=== WHAT NEEDS TO BE DONE ===
Your output should be the line that contains "Nyproduktion - Villa" and all lines after it in the records, retyped exactly through the last one.

*** Opening of SUPPLIED DATA ***

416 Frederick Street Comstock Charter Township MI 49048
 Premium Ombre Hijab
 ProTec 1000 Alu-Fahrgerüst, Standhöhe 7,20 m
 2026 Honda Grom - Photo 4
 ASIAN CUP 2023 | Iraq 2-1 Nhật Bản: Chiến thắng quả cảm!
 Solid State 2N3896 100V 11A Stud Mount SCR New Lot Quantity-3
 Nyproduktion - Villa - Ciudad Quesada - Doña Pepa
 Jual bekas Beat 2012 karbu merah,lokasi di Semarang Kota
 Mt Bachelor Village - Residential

*** Close of SUPPLIED DATA ***

=== YOUR RESPONSE ===
 Nyproduktion - Villa - Ciudad Quesada - Doña Pepa
 Jual bekas Beat 2012 karbu merah,lokasi di Semarang Kota
 Mt Bachelor Village - Residential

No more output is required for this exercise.